● **Short web captions**:
——

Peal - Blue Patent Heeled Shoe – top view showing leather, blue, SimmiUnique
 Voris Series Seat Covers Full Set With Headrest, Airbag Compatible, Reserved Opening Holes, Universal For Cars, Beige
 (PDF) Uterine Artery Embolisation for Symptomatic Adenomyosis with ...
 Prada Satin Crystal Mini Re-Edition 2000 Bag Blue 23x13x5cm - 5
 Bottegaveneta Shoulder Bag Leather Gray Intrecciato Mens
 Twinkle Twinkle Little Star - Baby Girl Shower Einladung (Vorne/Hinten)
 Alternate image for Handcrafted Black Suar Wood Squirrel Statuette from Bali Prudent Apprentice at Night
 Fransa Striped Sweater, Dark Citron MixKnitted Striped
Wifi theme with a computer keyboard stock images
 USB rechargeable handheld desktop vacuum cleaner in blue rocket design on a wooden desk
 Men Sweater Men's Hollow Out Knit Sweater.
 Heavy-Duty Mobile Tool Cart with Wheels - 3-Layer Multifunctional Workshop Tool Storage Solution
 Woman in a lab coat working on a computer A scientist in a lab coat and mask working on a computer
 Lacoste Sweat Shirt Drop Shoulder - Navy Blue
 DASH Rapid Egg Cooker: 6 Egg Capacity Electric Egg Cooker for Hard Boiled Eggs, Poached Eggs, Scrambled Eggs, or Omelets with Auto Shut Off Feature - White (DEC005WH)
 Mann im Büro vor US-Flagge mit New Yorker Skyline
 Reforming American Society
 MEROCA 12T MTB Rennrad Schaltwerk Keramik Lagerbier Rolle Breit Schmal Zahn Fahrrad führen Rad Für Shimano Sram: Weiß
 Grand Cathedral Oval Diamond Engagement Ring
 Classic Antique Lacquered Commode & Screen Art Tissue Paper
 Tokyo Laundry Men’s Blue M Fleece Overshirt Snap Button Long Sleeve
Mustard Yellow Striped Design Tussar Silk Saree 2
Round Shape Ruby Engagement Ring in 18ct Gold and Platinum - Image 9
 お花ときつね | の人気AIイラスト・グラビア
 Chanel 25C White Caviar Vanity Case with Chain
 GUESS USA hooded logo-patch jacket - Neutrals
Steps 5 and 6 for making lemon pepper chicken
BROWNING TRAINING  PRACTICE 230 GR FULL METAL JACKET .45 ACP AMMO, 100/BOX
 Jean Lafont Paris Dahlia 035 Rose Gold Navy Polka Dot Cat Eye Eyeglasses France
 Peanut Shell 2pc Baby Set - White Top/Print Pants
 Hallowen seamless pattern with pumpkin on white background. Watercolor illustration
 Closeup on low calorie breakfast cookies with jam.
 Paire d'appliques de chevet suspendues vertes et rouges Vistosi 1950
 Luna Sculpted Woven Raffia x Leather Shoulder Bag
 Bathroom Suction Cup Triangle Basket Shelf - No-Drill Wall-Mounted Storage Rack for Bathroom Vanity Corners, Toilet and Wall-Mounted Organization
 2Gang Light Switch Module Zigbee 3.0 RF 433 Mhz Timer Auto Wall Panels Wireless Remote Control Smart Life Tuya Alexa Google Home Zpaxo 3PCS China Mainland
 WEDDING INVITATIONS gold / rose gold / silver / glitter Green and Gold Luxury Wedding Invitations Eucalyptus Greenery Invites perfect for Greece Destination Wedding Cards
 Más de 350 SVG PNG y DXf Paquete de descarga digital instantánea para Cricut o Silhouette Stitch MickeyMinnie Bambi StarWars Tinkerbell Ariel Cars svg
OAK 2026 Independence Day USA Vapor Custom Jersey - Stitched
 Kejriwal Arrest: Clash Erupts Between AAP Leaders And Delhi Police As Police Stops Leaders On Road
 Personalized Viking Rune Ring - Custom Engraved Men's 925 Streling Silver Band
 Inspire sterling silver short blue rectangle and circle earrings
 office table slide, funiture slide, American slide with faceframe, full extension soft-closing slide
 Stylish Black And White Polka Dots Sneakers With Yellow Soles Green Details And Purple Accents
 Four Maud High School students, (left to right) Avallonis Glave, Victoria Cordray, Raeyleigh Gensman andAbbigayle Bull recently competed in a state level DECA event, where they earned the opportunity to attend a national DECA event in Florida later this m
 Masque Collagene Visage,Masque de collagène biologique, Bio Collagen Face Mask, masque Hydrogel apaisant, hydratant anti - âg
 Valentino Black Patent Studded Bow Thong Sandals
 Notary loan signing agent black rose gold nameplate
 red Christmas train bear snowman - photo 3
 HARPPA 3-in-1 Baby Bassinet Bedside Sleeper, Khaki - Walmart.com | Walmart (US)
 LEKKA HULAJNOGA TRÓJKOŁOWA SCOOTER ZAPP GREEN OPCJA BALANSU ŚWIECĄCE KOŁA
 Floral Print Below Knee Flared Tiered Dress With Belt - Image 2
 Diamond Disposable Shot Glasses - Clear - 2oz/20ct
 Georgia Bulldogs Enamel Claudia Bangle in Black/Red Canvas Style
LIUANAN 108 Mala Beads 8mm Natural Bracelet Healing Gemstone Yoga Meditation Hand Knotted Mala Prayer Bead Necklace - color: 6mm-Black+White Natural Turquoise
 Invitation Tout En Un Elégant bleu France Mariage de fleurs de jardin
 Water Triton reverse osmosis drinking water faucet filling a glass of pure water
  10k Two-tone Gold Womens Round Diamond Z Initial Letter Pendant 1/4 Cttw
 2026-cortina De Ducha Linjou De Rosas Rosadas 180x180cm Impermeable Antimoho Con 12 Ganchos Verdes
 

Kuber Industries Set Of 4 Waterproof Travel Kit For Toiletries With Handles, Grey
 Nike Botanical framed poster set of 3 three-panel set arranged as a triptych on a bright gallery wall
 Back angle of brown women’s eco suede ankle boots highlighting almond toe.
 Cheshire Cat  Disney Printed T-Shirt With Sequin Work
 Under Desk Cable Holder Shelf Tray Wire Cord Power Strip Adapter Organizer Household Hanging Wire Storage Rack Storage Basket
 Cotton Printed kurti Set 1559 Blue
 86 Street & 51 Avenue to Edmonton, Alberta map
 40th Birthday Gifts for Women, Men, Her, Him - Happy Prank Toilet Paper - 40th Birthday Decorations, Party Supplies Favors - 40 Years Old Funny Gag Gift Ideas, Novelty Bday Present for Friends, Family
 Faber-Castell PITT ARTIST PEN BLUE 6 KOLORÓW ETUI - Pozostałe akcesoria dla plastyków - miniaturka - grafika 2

——

● **TRY IT**: Please reproduce, exactly as they appear above, the lines from the line containing "Inspire sterling silver" up to and including the line containing "Stylish Black And".

● **YOUR RESPONSE**:
 Inspire sterling silver short blue rectangle and circle earrings
 office table slide, funiture slide, American slide with faceframe, full extension soft-closing slide
 Stylish Black And White Polka Dots Sneakers With Yellow Soles Green Details And Purple Accents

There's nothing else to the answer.